Media conglomerate Viacom International on Friday upbraided YouTube for continuing to host throngs of Viacom videos without permission and demanded that over 100,000 of its clips be removed from the popular video-sharing site owned by Google.
Viacom, whose properties include MTV, VH1, Nickelodeon, Nick at Nite, Comedy Central and Paramount Pictures, ran out of patience after months of discussions with Google and YouTube, the company said in a statement.
"It has become clear that YouTube is unwilling to come to a fair market agreement that would make Viacom content available to YouTube users," the statement reads.
YouTube and Google have failed to deliver efficient filtering tools, so that "vast amounts" of unauthorized Viacom video exist on the video-sharing site, the company said.
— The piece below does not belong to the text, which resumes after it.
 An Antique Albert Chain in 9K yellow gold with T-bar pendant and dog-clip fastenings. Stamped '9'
YouTube acknowledged receiving a DMCA (Digital Millennium Copyright Act) request from Viacom to remove the videos. "It's unfortunate that Viacom will no longer be able to benefit from YouTube's passionate audience which has helped to promote many of Viacom's shows," YouTube said in a statement, adding that it will comply with the request
Viacom's move is the latest from copyright owners who are upset over the unauthorized uploading and streaming of their videos on YouTube, which is one of the most popular Web sites in the world.
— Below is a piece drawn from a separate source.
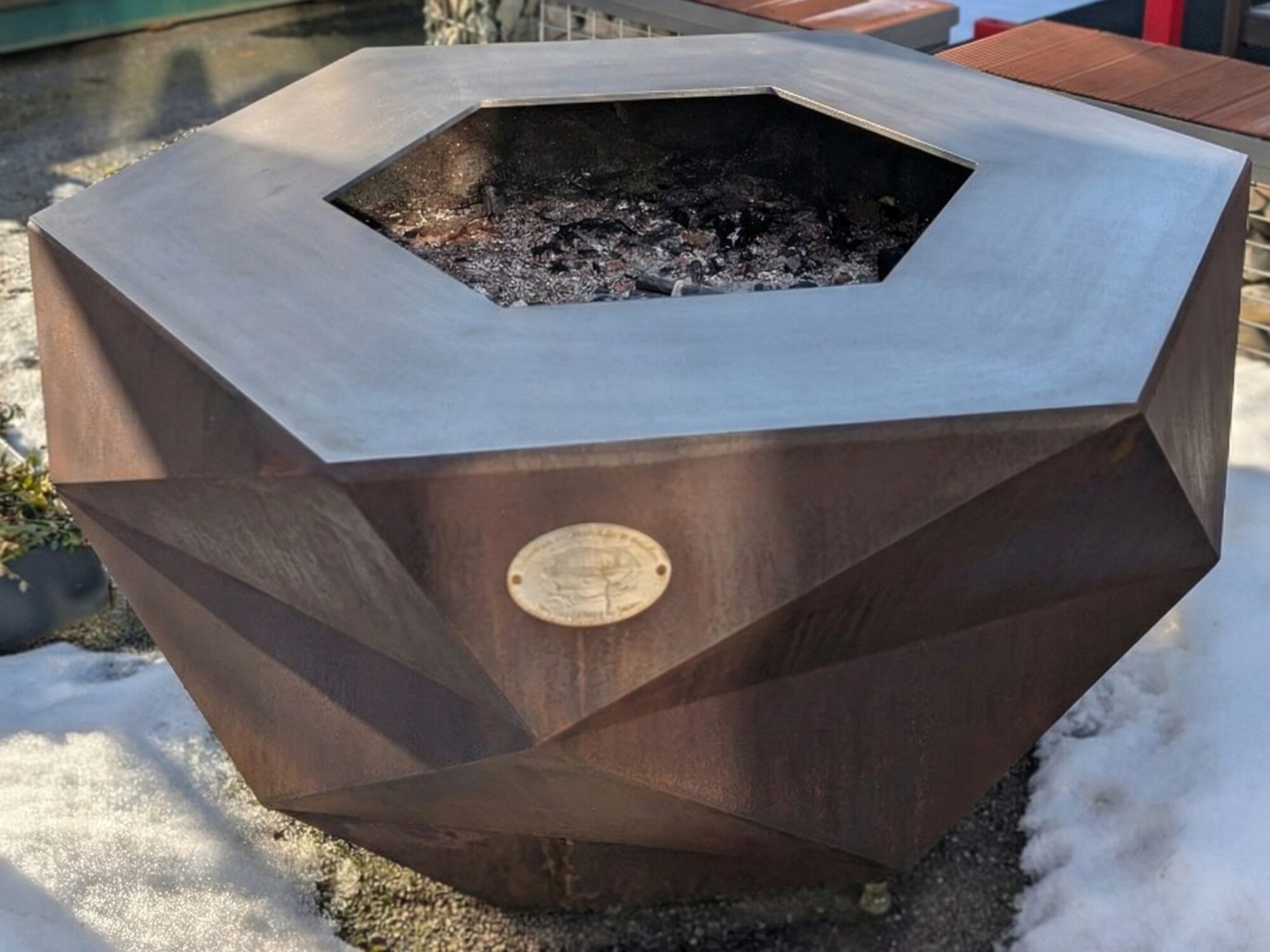 Iron Icon fire bowl with corten patina, hexagonal fire opening and stainless steel rim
Viacom's action could establish a precedent and have serious consequences for YouTube, which would see its value to users and advertisers shrink, IDC said in a research note. "If Google and media companies cannot come to an agreement on the fair market value of content, Google may be left with the long tail of content -- paying the hosting and streaming costs for a huge catalog of content, each piece of which does not drive much traffic, wrote analysts Rachel Happe and Susan Feldman.